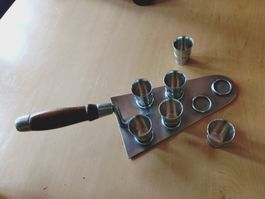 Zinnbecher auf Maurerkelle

◇ ◇ ◇ ◇

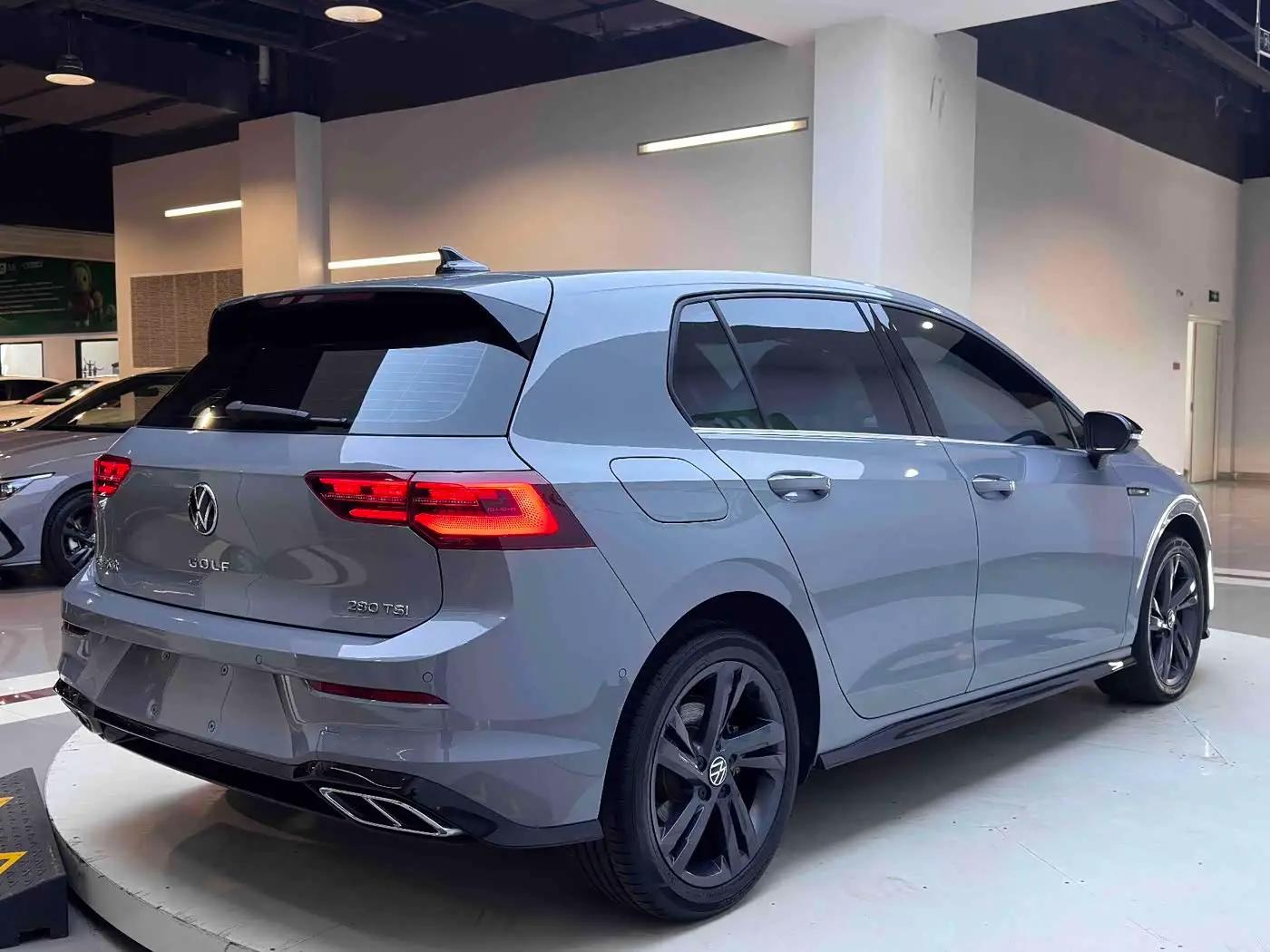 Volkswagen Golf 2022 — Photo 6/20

◇ ◇ ◇ ◇

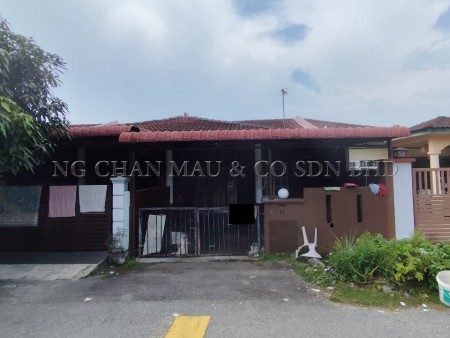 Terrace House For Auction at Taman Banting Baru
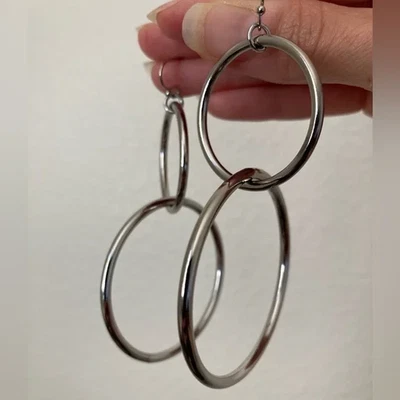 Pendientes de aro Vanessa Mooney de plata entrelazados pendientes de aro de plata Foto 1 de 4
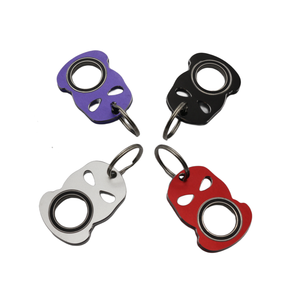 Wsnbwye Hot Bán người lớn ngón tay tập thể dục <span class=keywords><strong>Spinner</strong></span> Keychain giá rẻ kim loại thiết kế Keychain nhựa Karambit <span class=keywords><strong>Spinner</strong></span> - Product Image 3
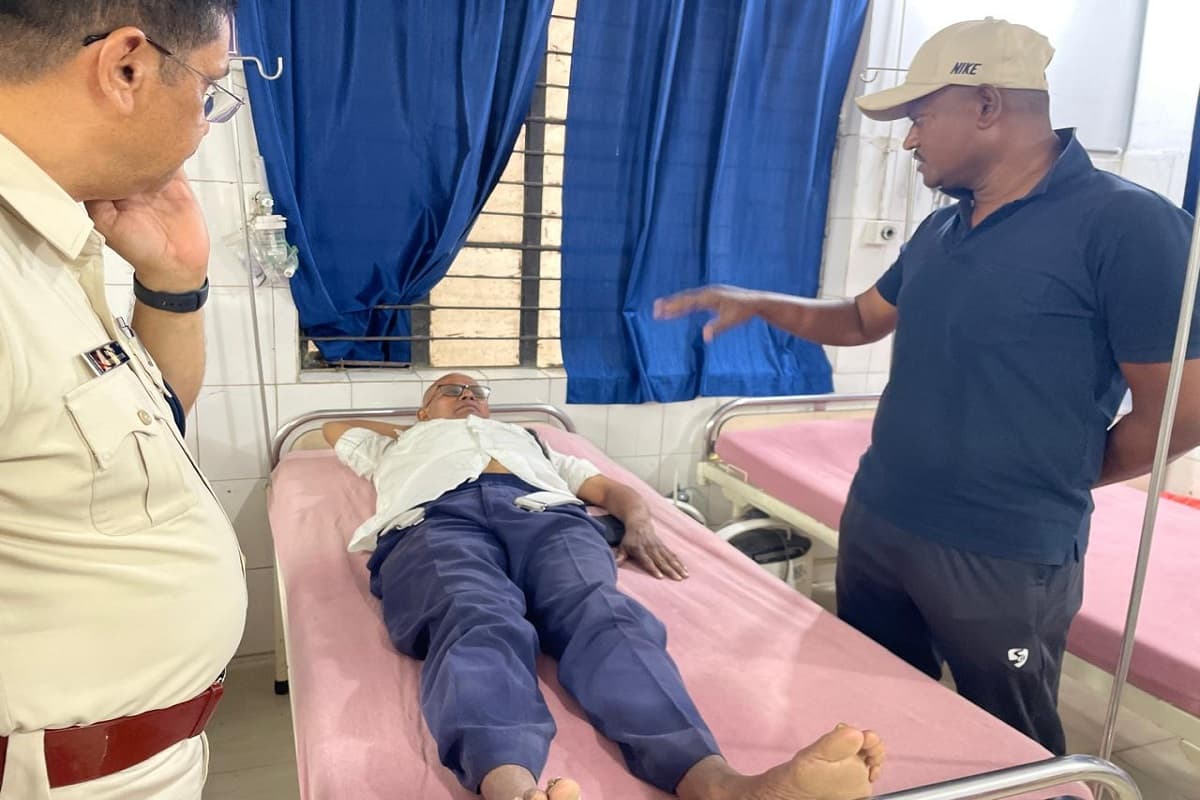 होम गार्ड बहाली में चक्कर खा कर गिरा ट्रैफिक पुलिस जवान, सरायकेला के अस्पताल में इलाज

◇ ◇ ◇ ◇

- What needs to be done: Out of the records above, set down only the lines from the one that contains "Wsnbwye Hot Bán" through the one that contains "होम गार्ड बहाली", unchanged and without the pictures.

- Your solution:
 Wsnbwye Hot Bán người lớn ngón tay tập thể dục <span class=keywords><strong>Spinner</strong></span> Keychain giá rẻ kim loại thiết kế Keychain nhựa Karambit <span class=keywords><strong>Spinner</strong></span> - Product Image 3
 होम गार्ड बहाली में चक्कर खा कर गिरा ट्रैफिक पुलिस जवान, सरायकेला के अस्पताल में इलाज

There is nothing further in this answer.